Kathleen Fuller. A Love Made New. Nashville: Thomas Nelson, 2016. See here to buy the book.
A Love Made New is the third book of the “Amish of Birch Creek” series. I did not read the first book of the series, A Reluctant Bride, but I did read the second book of the series, An Unbroken Heart.
Even after reading the second book, I had some difficulty sorting out who was who in A Love Made New, at least in the first half of the book. For a while, I thought that Sol was Andrew’s brother, since both had fathers who left their family. Then I learned that Sol’s love interest Irene was Andrew’s sister! Should I have known better, since I had read the second book of the series? Well, it had been a few months since I read the second book, so some details were hazy in my mind. I doubt that I am the only one in this situation! I think that more authors of Amish fiction should do what Amy Clipston does, and that is to include a family tree at the beginning of the book.

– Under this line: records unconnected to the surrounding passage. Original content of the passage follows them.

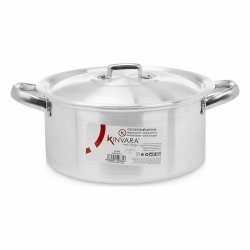 Kastrull med lock Kinvara 100006 Silvrig 4 L 24 x 13 x 31 cm (10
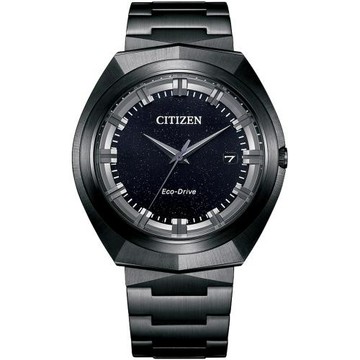 CITIZEN 星辰 無際星輝光動能限定款腕錶/全黑/42.5mm/BN1015-52E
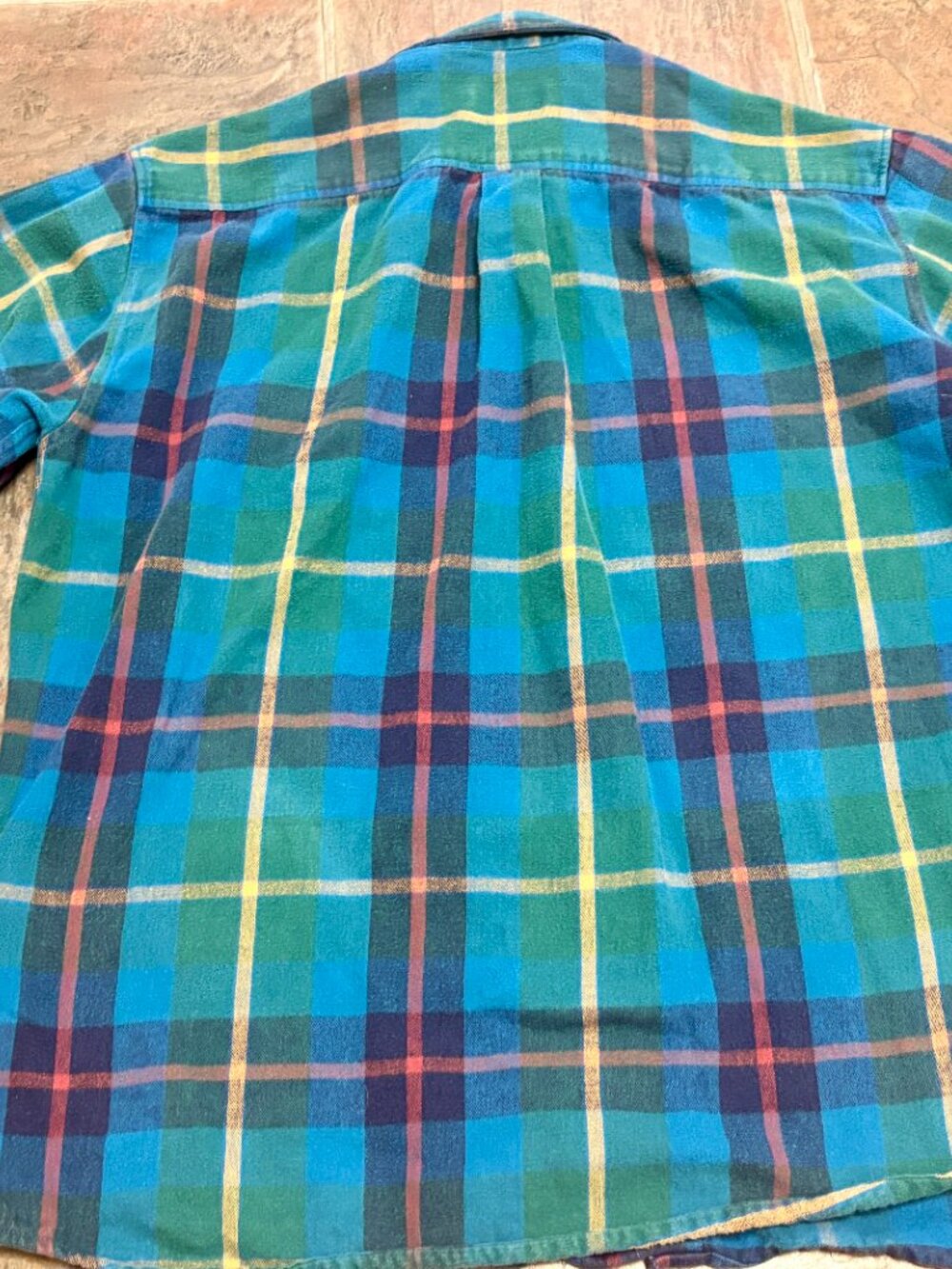 ~~L.L. Bean Men's Vintage XL Flannel Shirt Blue/Green Plaid, Button Down****sizi - Picture 4 of 4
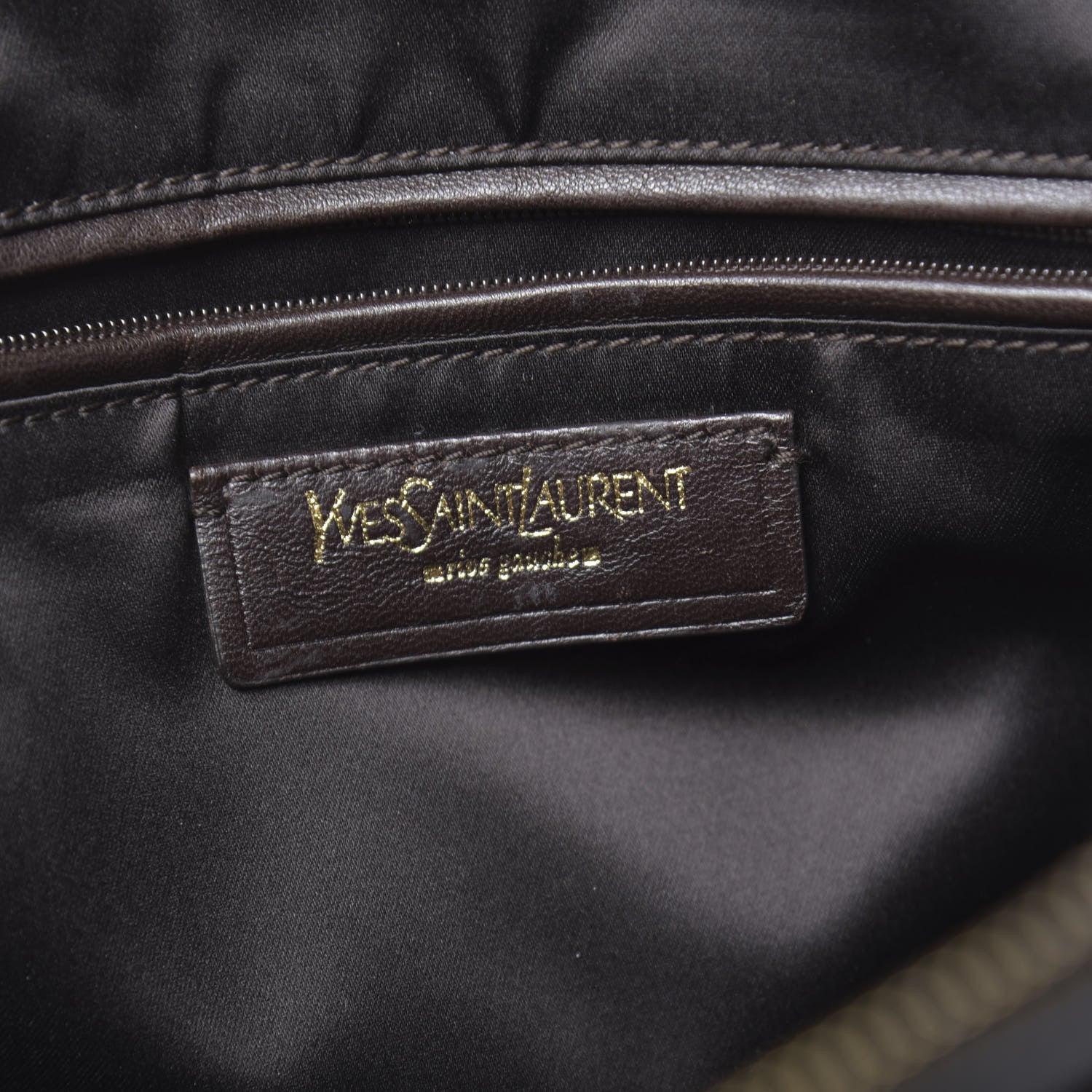 Saint Laurent Calfskin Oversized Muse Brown 6 of 10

That said, can one read A Love Made New without having read the previous books of the series? I think readers in that situation can follow the general plots. Occasionally, some details will be puzzling to those who did not read the previous books. For example, there is a scene in which characters talk about someone who is in jail, and only those familiar with the previous two books will know why that man is in jail, and why the characters care. The romances, though, are not that complicated to follow. And they differ from the previous books in that they focus on other characters (who are still in the previous books, but not as the main focus). The first book focused on Sadie and Aden. The second book was primarily about Sadie’s sister Joanna and her love interest, Andrew. And the third book is about Abigail, a sister of Sadie and Joanna, and her relationship with a new character, Asa. The third book also talks about a romance between Andrew’s sister Irene and Sol, who is Aden’s brother. Although the third book focuses on different characters, it still revisits plot-lines of the second book, namely, Bartholomew, the father of Andrew and Irene, who left the family years before because he was part of the witness protection program.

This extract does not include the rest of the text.